### Work to complete
From the entries below, copy every line that has the word "Making".

### Supplied entries
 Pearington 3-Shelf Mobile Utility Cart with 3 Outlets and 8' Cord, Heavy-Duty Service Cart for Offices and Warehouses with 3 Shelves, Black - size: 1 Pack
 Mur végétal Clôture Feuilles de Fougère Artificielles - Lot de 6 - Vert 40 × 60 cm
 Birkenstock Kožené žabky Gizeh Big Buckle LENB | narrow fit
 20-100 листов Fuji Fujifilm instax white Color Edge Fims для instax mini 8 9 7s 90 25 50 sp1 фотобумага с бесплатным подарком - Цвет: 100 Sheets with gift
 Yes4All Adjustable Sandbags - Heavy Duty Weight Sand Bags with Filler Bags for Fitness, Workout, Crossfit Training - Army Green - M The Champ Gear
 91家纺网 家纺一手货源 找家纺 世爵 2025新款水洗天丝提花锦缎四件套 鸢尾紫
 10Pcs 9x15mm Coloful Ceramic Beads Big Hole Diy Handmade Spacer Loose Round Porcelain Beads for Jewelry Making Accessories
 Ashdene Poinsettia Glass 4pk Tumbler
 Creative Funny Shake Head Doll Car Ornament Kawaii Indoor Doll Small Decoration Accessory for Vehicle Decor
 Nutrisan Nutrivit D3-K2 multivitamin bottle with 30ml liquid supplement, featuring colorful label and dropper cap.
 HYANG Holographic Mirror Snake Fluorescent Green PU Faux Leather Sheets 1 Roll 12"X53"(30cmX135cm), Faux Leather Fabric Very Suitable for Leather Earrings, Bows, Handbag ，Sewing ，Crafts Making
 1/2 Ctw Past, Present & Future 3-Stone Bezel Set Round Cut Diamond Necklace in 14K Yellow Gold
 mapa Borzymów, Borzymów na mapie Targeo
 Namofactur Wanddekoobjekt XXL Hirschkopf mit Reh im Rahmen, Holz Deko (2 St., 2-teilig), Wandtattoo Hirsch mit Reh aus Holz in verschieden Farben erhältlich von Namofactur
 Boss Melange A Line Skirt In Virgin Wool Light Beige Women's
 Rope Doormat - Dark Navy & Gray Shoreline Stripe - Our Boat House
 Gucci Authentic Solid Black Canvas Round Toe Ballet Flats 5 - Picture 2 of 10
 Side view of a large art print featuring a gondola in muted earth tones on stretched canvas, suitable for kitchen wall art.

### Written response
 10Pcs 9x15mm Coloful Ceramic Beads Big Hole Diy Handmade Spacer Loose Round Porcelain Beads for Jewelry Making Accessories
 HYANG Holographic Mirror Snake Fluorescent Green PU Faux Leather Sheets 1 Roll 12"X53"(30cmX135cm), Faux Leather Fabric Very Suitable for Leather Earrings, Bows, Handbag ，Sewing ，Crafts Making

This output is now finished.